My Atari 2600 Pong Clock

While looking for something completely different, I ran across the code and binary images for my old Atari 2600 “Pong Clock”. I realized that my previous post on the matter didn’t have pictures of my final version, so just for fun, here are a couple of Stella screengrabs (in NTSC “TV” mode, for enhanced realism).

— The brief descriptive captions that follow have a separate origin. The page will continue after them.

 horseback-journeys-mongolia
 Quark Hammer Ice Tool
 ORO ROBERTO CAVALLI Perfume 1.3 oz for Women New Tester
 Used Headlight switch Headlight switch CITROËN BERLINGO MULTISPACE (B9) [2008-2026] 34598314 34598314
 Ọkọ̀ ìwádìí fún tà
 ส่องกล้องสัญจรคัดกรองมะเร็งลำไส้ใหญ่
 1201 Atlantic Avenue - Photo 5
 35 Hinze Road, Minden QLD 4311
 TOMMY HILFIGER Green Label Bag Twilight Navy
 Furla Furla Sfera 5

I included a tiny intro screen. I showed this at a 2010 get together. The Conway glider at the top is animated:

simple.bin_6

It plays a game of pong against itself, with the score representing the current time. You can set the time using the left joystick. When the minutes tick change, the right player wins. When the hours change, the left player does.

simple.bin_7

It also works on black and white tvs. I never did the changes necessary to make it play in PAL mode, although it should be pretty straightforward. The Atari 2600 was practically built for implementing Pong.

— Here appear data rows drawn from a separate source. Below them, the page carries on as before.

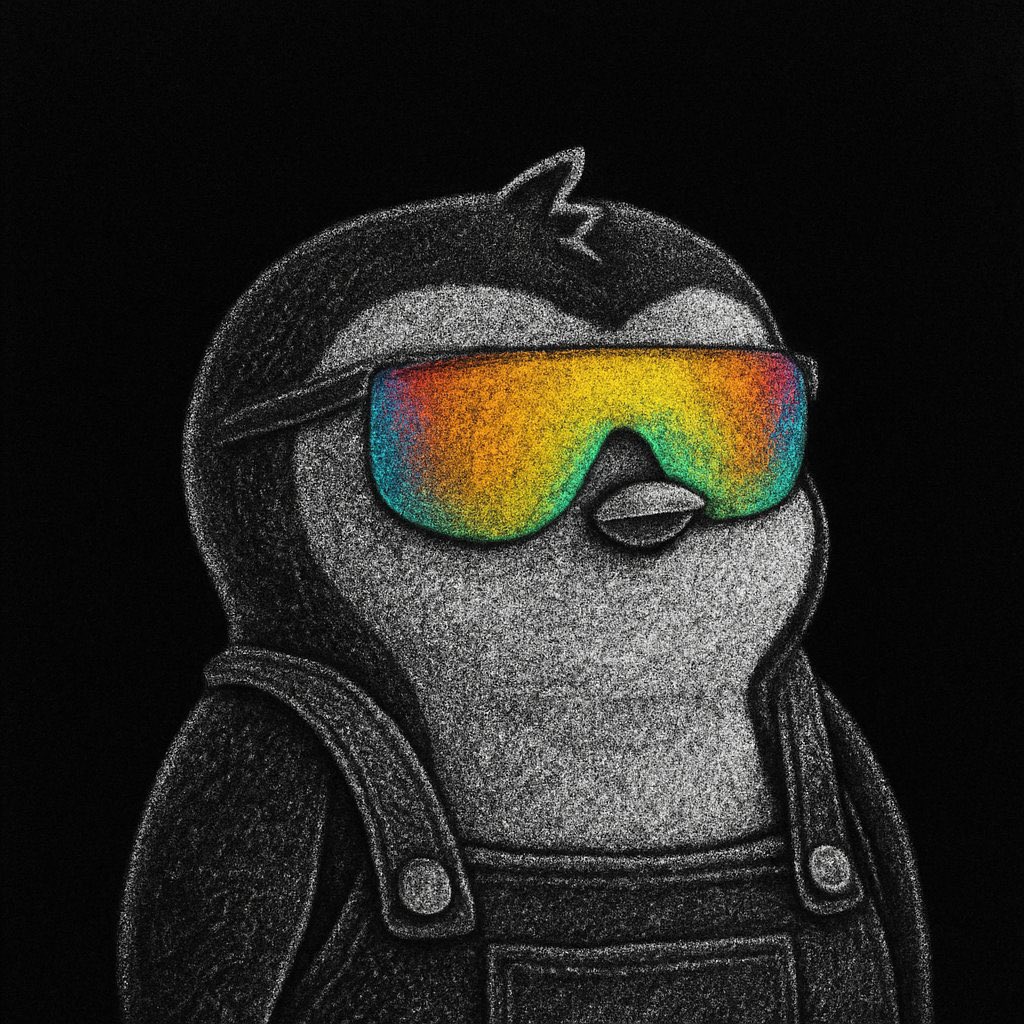 Penguins Mog 

In case you forgot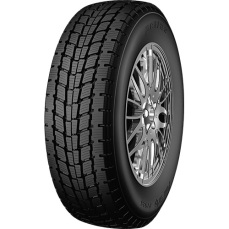 Petlas Full Grip PT925 215/75 R16C 113/111R 8PR Kış Lastiği - 2024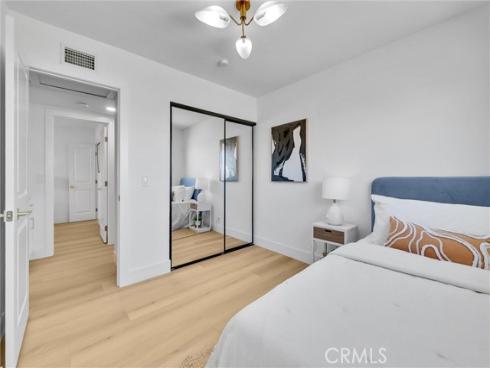 9132  Dickens  , Westminster, CA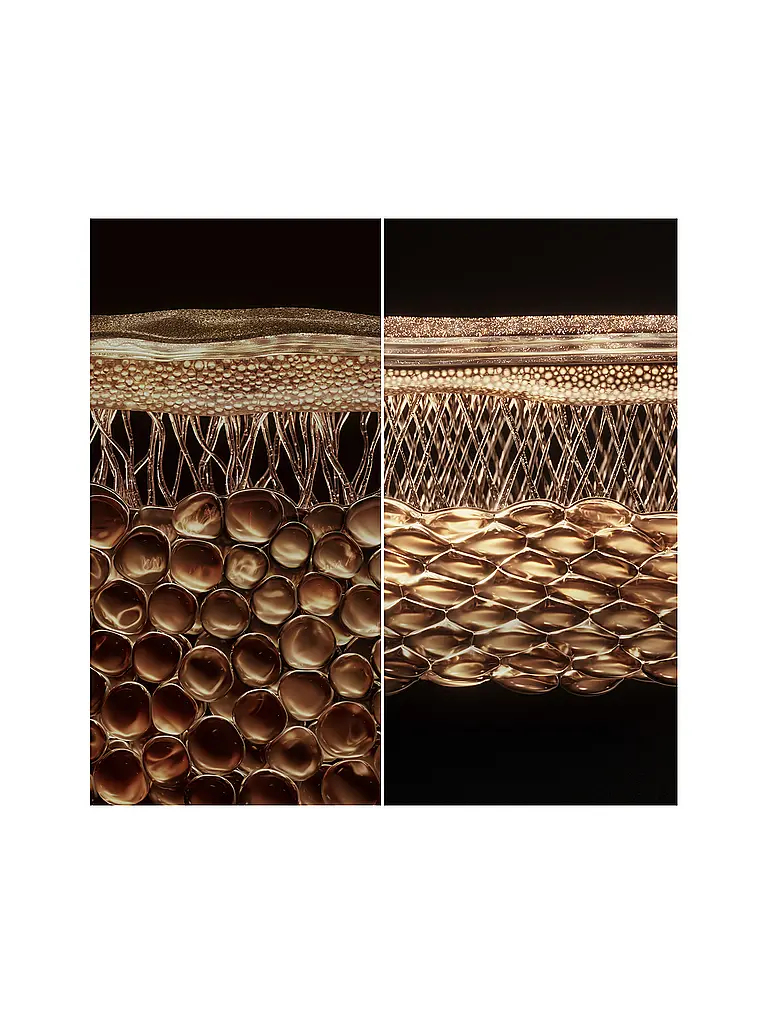 HELENA RUBINSTEIN | Replasty Age Recovery Body Cream 200ml |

Still, it’s got some finesse in it. I never could have done it without all the hints from the Atari Age forums and the Stella 2600 emulator. My source code references a nice little bit of code from an Atari Age tutorial series, which I shamelessly purloined. I left a comment saying:

;;; According to the documentation, A isn’t really the position (0-160),
;;; you have to add +7 to the position. But I find that the offset in
;;; stella is +5. I haven’t done the cycle counting to figure it out,
;;; but I’ve had good luck trusting stella, so that’s what I’m going
;;; with.

Perhaps I’ll revisit that sometime and figure out what was right.

Ting-Tong? Pick-Pock? Keeping time on an Atari 2600…

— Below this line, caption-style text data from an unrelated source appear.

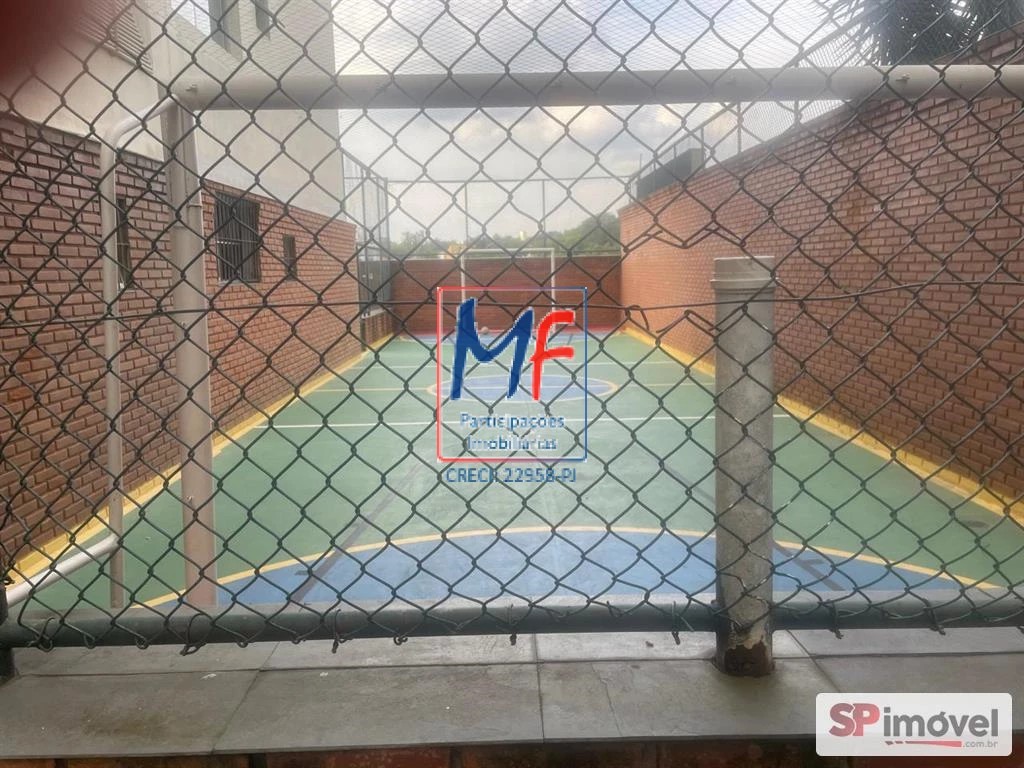 Apartamento, 3 quartos, 70 m² - Foto 18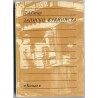 Zapiski bukinista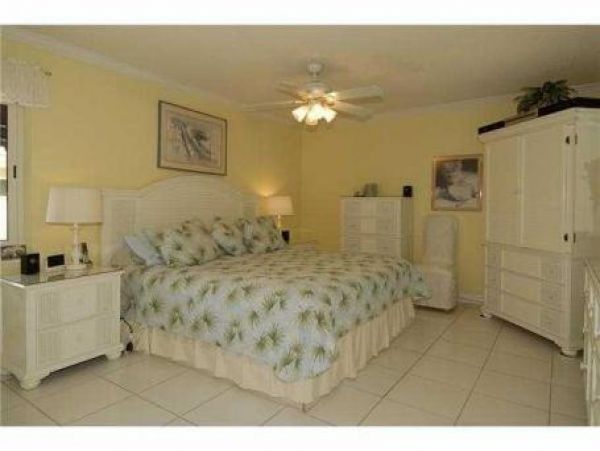 Fort Lauderdale Home 960008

Years ago, I remembered that someone (couldn’t remember who) had invented a clock which looked like a version of the classic video game “Pong”. A few minutes of searching now reveals who that was: Sander Mulder. I thought it was a cool idea, and I was thinking of a project that could get me back into programming the classic Atari 2600 again, so over the last three days, I hacked together my own version:

I did this using the same development environment that I used for my earlier magnum-opus, the Atari 2600 Enigma Machine

The assembler I used was an old version of P65, a 6502 assembler written in perl. It’s a tiny bit clunky, and doesn’t have any macro capability, but it does work. I have made use of the standard macro processor “m4” to make my source code a tiny bit tighter, and use the excellent Atari 2600 emulator Stella (available on Windows, Linux, or Mac OS X) to test and debug my program. The Atari clock fits rather nicely into 2K of ROM space, including a rather verbose splash screen.

I’ll probably write something up explaining why a grown man would work on writing any kind of software for a 30+ year old video game with only 128 bytes of memory, as soon as I can figure out something that doesn’t sound stupid.

Anyway, the clock seems to be working, and in simulation at least has kept rather excellent time (within one minute leaving it overnight) which isn’t bad at all. Once I get it burned into ROM, I’ll try to post the finished code and some pictures of the final clock.